The data.world catalog collector (dwcc) ships as a Docker image which can be loaded and run with a series of command line (CLI) options. It outputs a file with the extension *.dwec.ttl that you can upload to data.world manually, or you can have the catalog collector upload it automatically using an API token.
As of dwcc 1.14, you can change the amount of memory that gets allocated to a DWCC docker process. See our article on allocating additional memory to Docker for more information.
As of dwcc 1.18, you can specify alternate organization permissions and upload locations when performing an automatic upload of the metadata. If you are a single-tenant VPC customer you will also need to add
--api-host api.customername where customername is your subdomain (confirm with your data.world representative on your specific subdomain if you are unsure).
The computer running the catalog collector should have network access to the Hive instance, and a minimum of 2G memory and a 2Ghz processor.
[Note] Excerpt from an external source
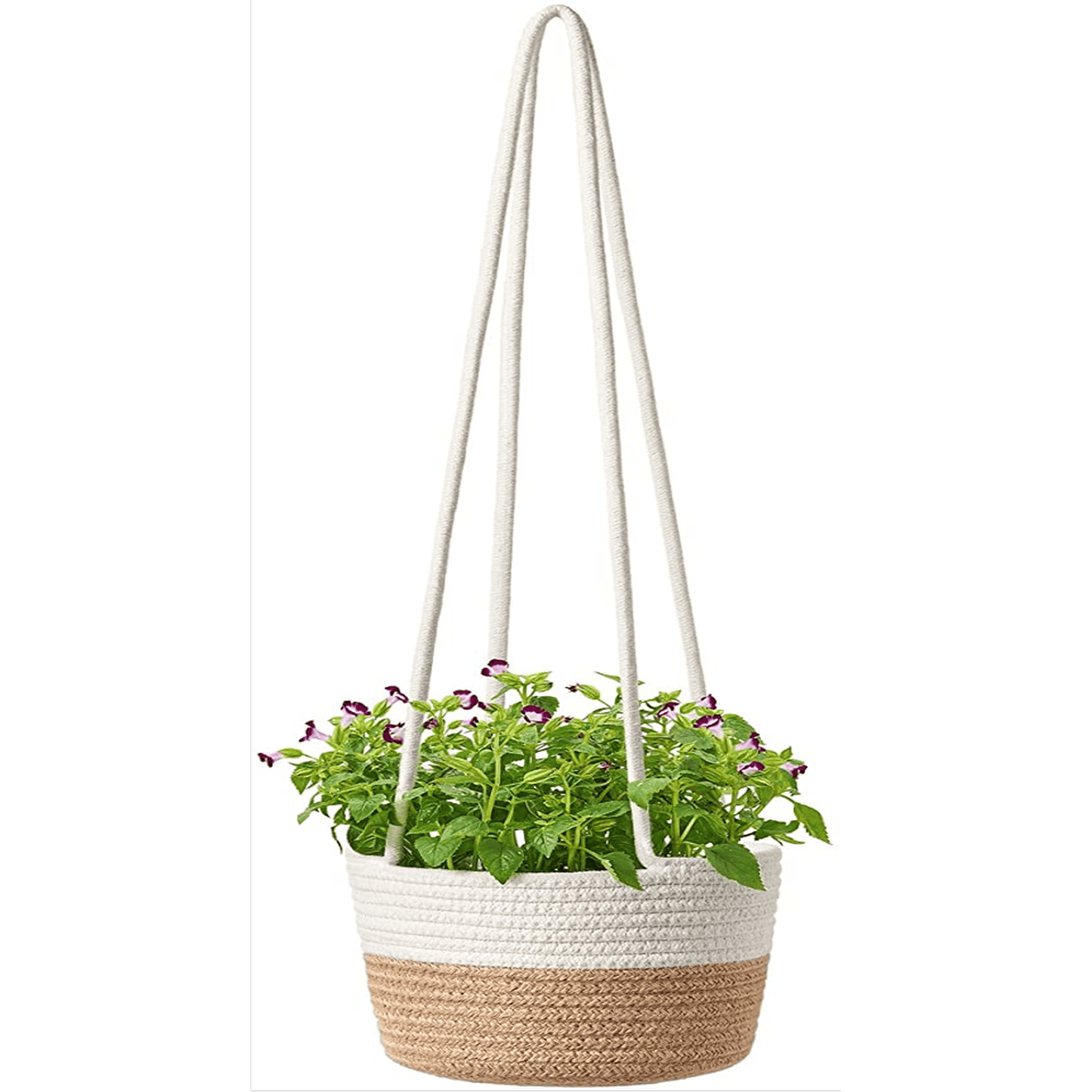TWO-TONE HANGING FABRIC PLANTER – MODERN WOVEN ROPE BASKET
Docker must be installed. For more information see https://docs.docker.com/get-docker/. If you can't use docker, we have a java version available as well -- contact us for more details.
The computer should have the Hive JDBC driver on its filesystem (this documentation assumes the .jar file driver is in the ../jdbcdrivers directory).
Request access to a download link from your data.world representative for the catalog collector. Once you receive the link, download the catalog collector Docker image (or programmatically download it with curl).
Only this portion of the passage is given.